2 Mathematical model and colored noise

2.1 Mathematical model

In this work, we will concentrate on the effect of the onset of chaos induced by colored noise in the pervasive Duffing-type differential equation with a fractional-order nonlinear term:

$$\begin{aligned} {\ddot{x}} - x + x{\left| x \right| ^{\alpha - 1}} = \varepsilon ( - \delta {\dot{x}} + \mu G(t)). \end{aligned}$$
(1)

Equation (1) has a physical meaning that it can represent the oscillatory motion of the buckled beam with hinged or simply supported ends for the modal displacement x(t) [30]. The exponent \(\alpha > 1\) is an integer or a fraction that depends on the bending and material properties of the beam. For example, the piano hammer is a wooden beam that coated with several layers of the compressed wool felts. The elastic force in the piano hammer is nonlinear, and the values of the exponent \(\alpha \) range from 1.5 to 2.8 for new hammers and 2.2 to 3.5 for hammers taken from the pianos [31]. The phenomena in electronics can also be described with the differential Eq. (1). The nonlinearity of the restitution force plays an important role in micro-electromechanical systems like micro-actuators [32], micro-oscillators [33], and micro-filters [34]. For the micro-actuators [32], the optimal values for \(\alpha \) range from 4 to 7.

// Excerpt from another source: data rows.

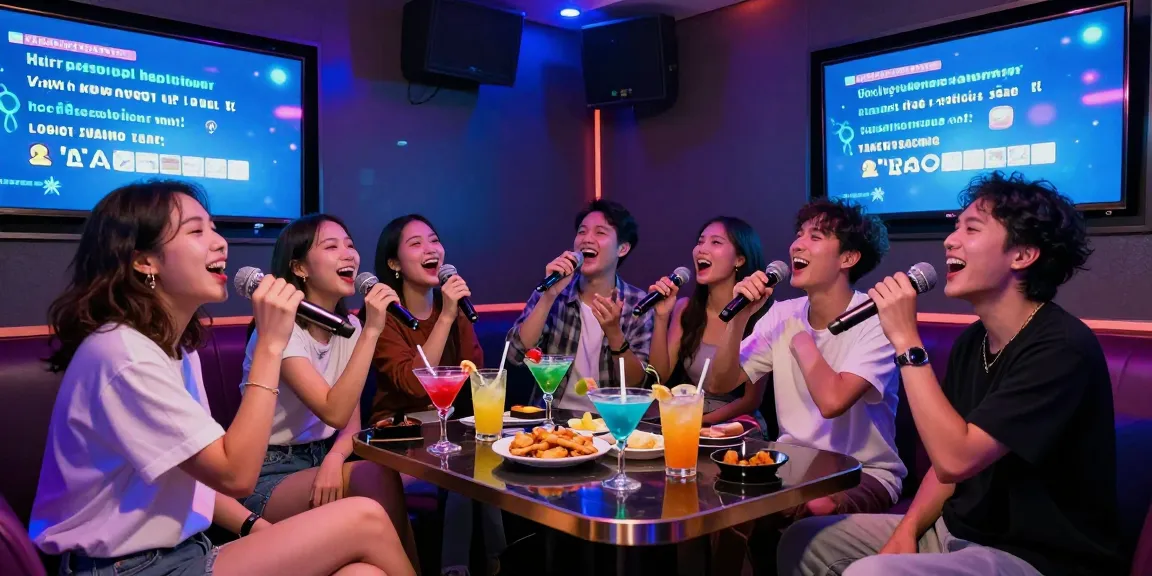 다낭 가라오케에서 즐겁게 노래하는 친구들, 화려한 조명과 현대적인 인테리어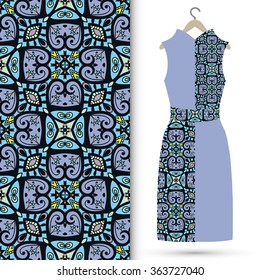 Vector fashion illustration. Women's dress on a hanger and seamless fabric pattern with repeating floral geometric texture. Hand drawn isolated elements for scrapbook, invitations or cards design.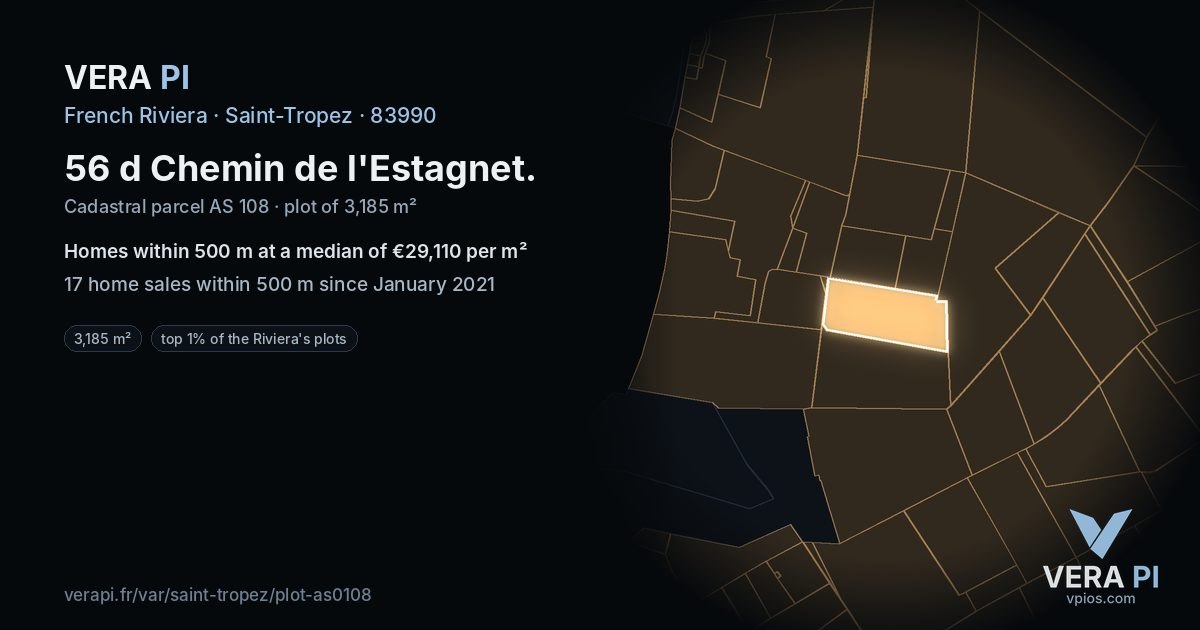 56 d Chemin de l'Estagnet, Saint-Tropez at night – the plot lit, the parcels around coloured by the prices near them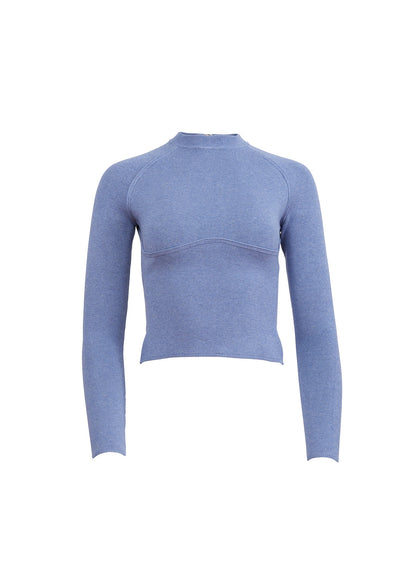 Charcoal Blue Knit Underbust Long Sleeve Top | Fleur du Mal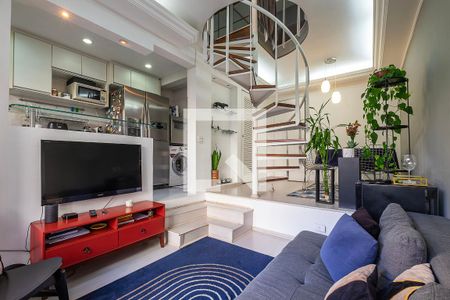 Sala/Cozinha de apartamento à venda com 1 quarto, 54m² em Cerqueira César, São Paulo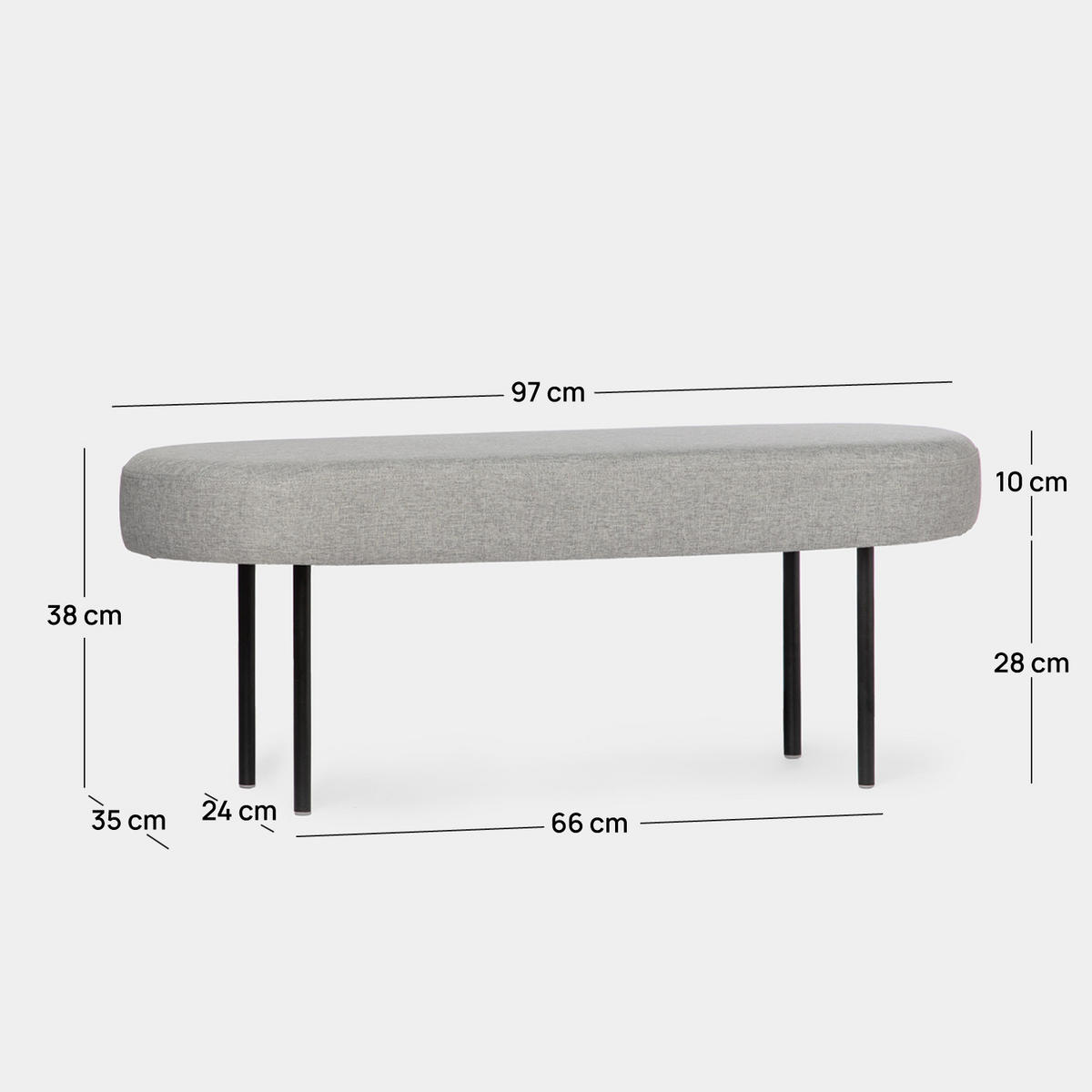 BETTENDE Mena Grau 97 cm x 38 cm - Grau, Textil (97/38/35cm) - Klast Home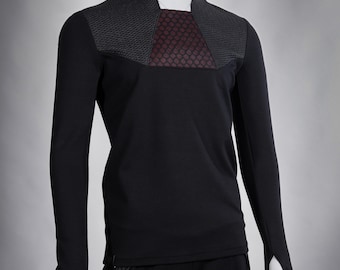 Zwarte futuristische trui, cyberpunk kleding, avant-garde shirt - ILM heren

By introducing a new variable \(y = {\dot{x}}\) , one can rewrite Eq. (1) in the following form:

$$\begin{aligned} {\dot{x}}= & {} y,\nonumber \\ {\dot{y}}= & {} x - x{{\left| x \right| }^{\alpha - 1}} + \varepsilon ( - \delta y + \mu G(t)), \end{aligned}$$
(2)

where \(0 < \varepsilon \ll 1\) is a perturbative parameter, \(\delta \) is the amplitude of linear damping, and \(\mu \) is the amplitude that represents the intensity of noise G(t). As discussed in Sect. 1, three types of noise, red, green and white noise, will be considered in the stochastic dynamical system (2), separately. In addition, we select the four cases, i.e. \(\alpha = 5/3, 3, 11/3, 14/3\) to study the effects of colored noise on the onset of chaos. We always set \( \varepsilon =0.1\), \(\delta =0.15 \) in the following study if there are no special statements.

Fig. 1
figure 1

(Color online) The spectral density of red and green noise depicted in a and b indicates that with the growth of \(\gamma \), the bandwidth of red noise become wider, i.e. its randomness becomes much stronger, whereas green noise is relatively complemented to red noise. c The sum of the spectral densities of red and green noise is always the spectrum of white noise

2.2 The generation of colored noise

It is shown that both red and green noise can be generated from a first-order linear stochastic differential equation as long as the additive stochastic component corresponds to the Gaussian white noise and violet noise separately.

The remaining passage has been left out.